• WORK INSTRUCTION
Write the data out again, word for word.

Dataset entries:
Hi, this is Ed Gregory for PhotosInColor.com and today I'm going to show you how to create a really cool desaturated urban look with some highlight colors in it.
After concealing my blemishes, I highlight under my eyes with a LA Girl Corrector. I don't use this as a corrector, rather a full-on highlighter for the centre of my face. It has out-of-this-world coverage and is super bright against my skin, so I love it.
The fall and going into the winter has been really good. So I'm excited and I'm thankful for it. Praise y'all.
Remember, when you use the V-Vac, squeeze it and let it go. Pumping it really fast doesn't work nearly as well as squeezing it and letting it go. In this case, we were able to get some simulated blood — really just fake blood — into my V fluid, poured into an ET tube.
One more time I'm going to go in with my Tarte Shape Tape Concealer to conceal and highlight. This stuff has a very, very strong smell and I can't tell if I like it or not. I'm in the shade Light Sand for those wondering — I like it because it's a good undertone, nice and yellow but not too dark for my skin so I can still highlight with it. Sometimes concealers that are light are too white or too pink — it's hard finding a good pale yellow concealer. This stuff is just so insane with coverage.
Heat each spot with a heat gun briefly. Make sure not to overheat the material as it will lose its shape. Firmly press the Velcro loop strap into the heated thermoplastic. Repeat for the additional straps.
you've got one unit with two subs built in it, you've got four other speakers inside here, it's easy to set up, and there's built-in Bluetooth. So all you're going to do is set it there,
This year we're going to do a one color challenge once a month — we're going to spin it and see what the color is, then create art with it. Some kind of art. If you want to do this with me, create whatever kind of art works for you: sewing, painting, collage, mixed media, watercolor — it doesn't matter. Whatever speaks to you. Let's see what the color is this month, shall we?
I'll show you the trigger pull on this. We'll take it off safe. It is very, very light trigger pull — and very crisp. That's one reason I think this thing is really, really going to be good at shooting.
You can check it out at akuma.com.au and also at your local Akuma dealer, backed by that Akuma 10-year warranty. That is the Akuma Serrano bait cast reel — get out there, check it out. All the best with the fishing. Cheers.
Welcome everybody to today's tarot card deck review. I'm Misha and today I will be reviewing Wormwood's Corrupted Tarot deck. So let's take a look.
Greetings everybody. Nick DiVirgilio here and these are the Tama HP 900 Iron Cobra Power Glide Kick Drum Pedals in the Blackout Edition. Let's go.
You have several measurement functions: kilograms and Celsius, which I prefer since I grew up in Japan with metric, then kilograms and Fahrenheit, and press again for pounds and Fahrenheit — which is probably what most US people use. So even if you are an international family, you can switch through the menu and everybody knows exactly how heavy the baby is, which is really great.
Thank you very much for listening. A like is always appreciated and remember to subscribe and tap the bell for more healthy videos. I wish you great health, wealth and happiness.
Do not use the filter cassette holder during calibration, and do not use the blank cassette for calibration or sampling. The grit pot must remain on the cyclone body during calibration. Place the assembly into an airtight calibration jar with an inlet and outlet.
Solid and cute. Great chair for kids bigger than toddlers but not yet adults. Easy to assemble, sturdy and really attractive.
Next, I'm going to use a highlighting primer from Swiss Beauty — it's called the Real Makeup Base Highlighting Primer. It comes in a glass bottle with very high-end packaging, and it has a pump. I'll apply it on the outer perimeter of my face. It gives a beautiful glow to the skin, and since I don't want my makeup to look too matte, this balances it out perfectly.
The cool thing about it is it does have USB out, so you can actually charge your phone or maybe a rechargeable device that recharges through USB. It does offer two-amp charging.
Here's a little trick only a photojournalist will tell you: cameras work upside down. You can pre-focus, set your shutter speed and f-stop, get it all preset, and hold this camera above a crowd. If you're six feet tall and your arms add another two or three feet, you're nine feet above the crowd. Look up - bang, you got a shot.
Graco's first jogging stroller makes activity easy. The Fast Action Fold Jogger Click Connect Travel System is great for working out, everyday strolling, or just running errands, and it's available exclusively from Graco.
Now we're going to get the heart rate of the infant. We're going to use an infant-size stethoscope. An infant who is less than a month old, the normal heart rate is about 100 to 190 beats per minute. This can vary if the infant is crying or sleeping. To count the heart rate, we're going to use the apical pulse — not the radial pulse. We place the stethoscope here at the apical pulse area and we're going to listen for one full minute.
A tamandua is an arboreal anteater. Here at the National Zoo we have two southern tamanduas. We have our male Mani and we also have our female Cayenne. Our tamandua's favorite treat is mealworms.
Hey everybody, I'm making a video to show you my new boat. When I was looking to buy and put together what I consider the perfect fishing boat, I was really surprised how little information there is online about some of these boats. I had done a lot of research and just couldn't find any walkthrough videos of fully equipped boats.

• THE COMPLETED TASK
Hi, this is Ed Gregory for PhotosInColor.com and today I'm going to show you how to create a really cool desaturated urban look with some highlight colors in it.
After concealing my blemishes, I highlight under my eyes with a LA Girl Corrector. I don't use this as a corrector, rather a full-on highlighter for the centre of my face. It has out-of-this-world coverage and is super bright against my skin, so I love it.
The fall and going into the winter has been really good. So I'm excited and I'm thankful for it. Praise y'all.
Remember, when you use the V-Vac, squeeze it and let it go. Pumping it really fast doesn't work nearly as well as squeezing it and letting it go. In this case, we were able to get some simulated blood — really just fake blood — into my V fluid, poured into an ET tube.
One more time I'm going to go in with my Tarte Shape Tape Concealer to conceal and highlight. This stuff has a very, very strong smell and I can't tell if I like it or not. I'm in the shade Light Sand for those wondering — I like it because it's a good undertone, nice and yellow but not too dark for my skin so I can still highlight with it. Sometimes concealers that are light are too white or too pink — it's hard finding a good pale yellow concealer. This stuff is just so insane with coverage.
Heat each spot with a heat gun briefly. Make sure not to overheat the material as it will lose its shape. Firmly press the Velcro loop strap into the heated thermoplastic. Repeat for the additional straps.
you've got one unit with two subs built in it, you've got four other speakers inside here, it's easy to set up, and there's built-in Bluetooth. So all you're going to do is set it there,
This year we're going to do a one color challenge once a month — we're going to spin it and see what the color is, then create art with it. Some kind of art. If you want to do this with me, create whatever kind of art works for you: sewing, painting, collage, mixed media, watercolor — it doesn't matter. Whatever speaks to you. Let's see what the color is this month, shall we?
I'll show you the trigger pull on this. We'll take it off safe. It is very, very light trigger pull — and very crisp. That's one reason I think this thing is really, really going to be good at shooting.
You can check it out at akuma.com.au and also at your local Akuma dealer, backed by that Akuma 10-year warranty. That is the Akuma Serrano bait cast reel — get out there, check it out. All the best with the fishing. Cheers.
Welcome everybody to today's tarot card deck review. I'm Misha and today I will be reviewing Wormwood's Corrupted Tarot deck. So let's take a look.
Greetings everybody. Nick DiVirgilio here and these are the Tama HP 900 Iron Cobra Power Glide Kick Drum Pedals in the Blackout Edition. Let's go.
You have several measurement functions: kilograms and Celsius, which I prefer since I grew up in Japan with metric, then kilograms and Fahrenheit, and press again for pounds and Fahrenheit — which is probably what most US people use. So even if you are an international family, you can switch through the menu and everybody knows exactly how heavy the baby is, which is really great.
Thank you very much for listening. A like is always appreciated and remember to subscribe and tap the bell for more healthy videos. I wish you great health, wealth and happiness.
Do not use the filter cassette holder during calibration, and do not use the blank cassette for calibration or sampling. The grit pot must remain on the cyclone body during calibration. Place the assembly into an airtight calibration jar with an inlet and outlet.
Solid and cute. Great chair for kids bigger than toddlers but not yet adults. Easy to assemble, sturdy and really attractive.
Next, I'm going to use a highlighting primer from Swiss Beauty — it's called the Real Makeup Base Highlighting Primer. It comes in a glass bottle with very high-end packaging, and it has a pump. I'll apply it on the outer perimeter of my face. It gives a beautiful glow to the skin, and since I don't want my makeup to look too matte, this balances it out perfectly.
The cool thing about it is it does have USB out, so you can actually charge your phone or maybe a rechargeable device that recharges through USB. It does offer two-amp charging.
Here's a little trick only a photojournalist will tell you: cameras work upside down. You can pre-focus, set your shutter speed and f-stop, get it all preset, and hold this camera above a crowd. If you're six feet tall and your arms add another two or three feet, you're nine feet above the crowd. Look up - bang, you got a shot.
Graco's first jogging stroller makes activity easy. The Fast Action Fold Jogger Click Connect Travel System is great for working out, everyday strolling, or just running errands, and it's available exclusively from Graco.
Now we're going to get the heart rate of the infant. We're going to use an infant-size stethoscope. An infant who is less than a month old, the normal heart rate is about 100 to 190 beats per minute. This can vary if the infant is crying or sleeping. To count the heart rate, we're going to use the apical pulse — not the radial pulse. We place the stethoscope here at the apical pulse area and we're going to listen for one full minute.
A tamandua is an arboreal anteater. Here at the National Zoo we have two southern tamanduas. We have our male Mani and we also have our female Cayenne. Our tamandua's favorite treat is mealworms.
Hey everybody, I'm making a video to show you my new boat. When I was looking to buy and put together what I consider the perfect fishing boat, I was really surprised how little information there is online about some of these boats. I had done a lot of research and just couldn't find any walkthrough videos of fully equipped boats.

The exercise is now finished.